• **Required action**:
The copy you return should hold only the lines from the top of the data below through the line with "Image showing stack", each duplicated exactly and with no pictures.

• **Data shown**:
============================================================

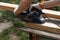 A carpenter planks wood with an electric plane. Woodworking carpentry. Close-up. Man in the garden sanding wooden planks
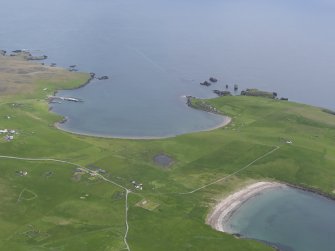 Oblique aerial view of Housa Voe and Kirk Sand, Papa Stour, looking NE.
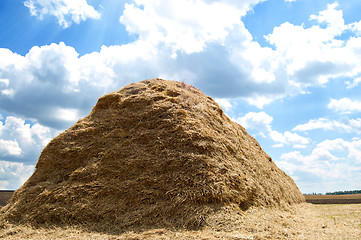 Image showing stack of straw on a background blue sky with clouds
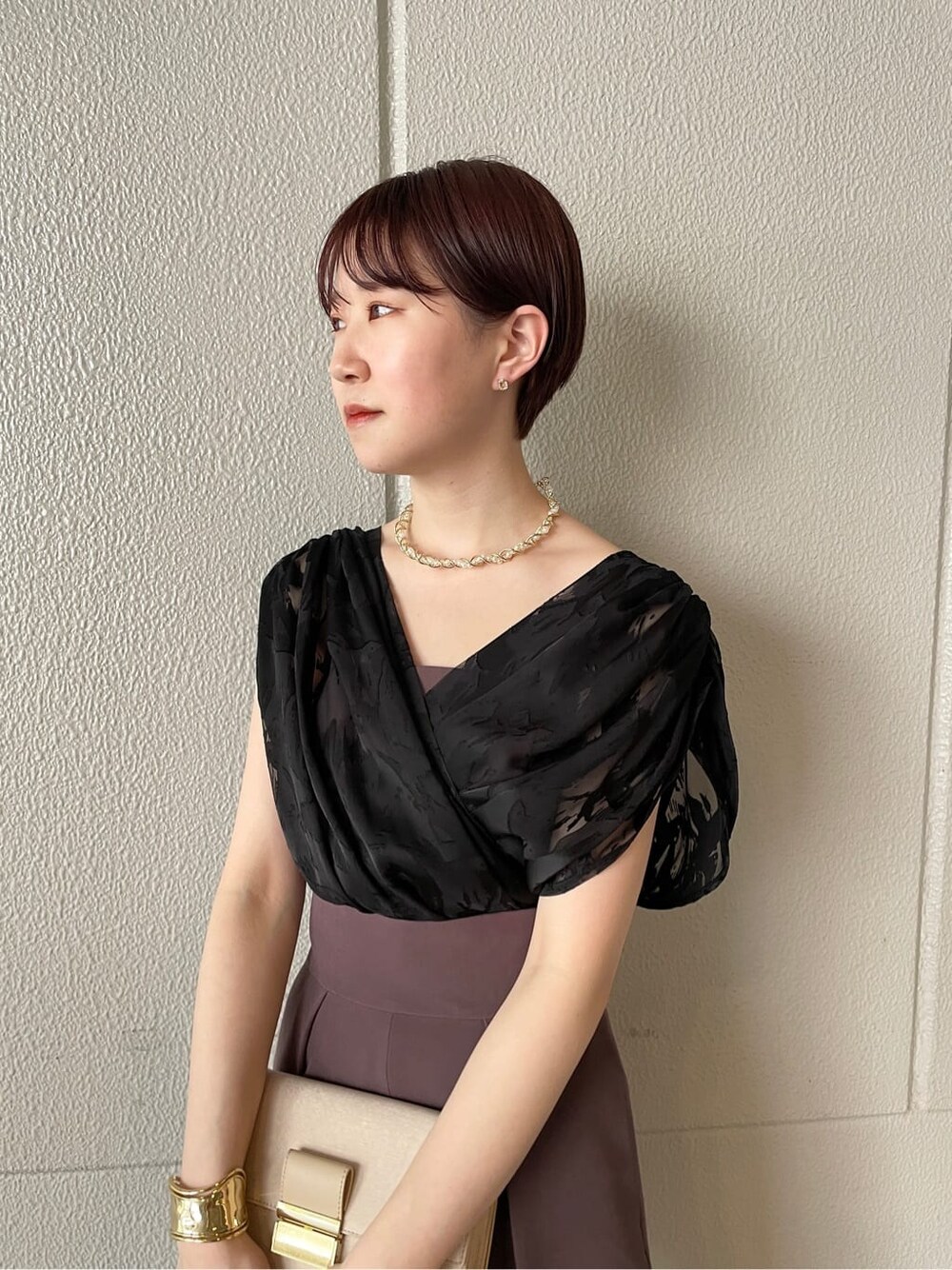 パープル系のパンツドレス、シルバー系のパンプス、ベージュ系のクラッチバッグを着用したレディースの春コーディネートの7枚目の写真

============================================================

• **Exercise solution**:
 A carpenter planks wood with an electric plane. Woodworking carpentry. Close-up. Man in the garden sanding wooden planks
 Oblique aerial view of Housa Voe and Kirk Sand, Papa Stour, looking NE.
 Image showing stack of straw on a background blue sky with clouds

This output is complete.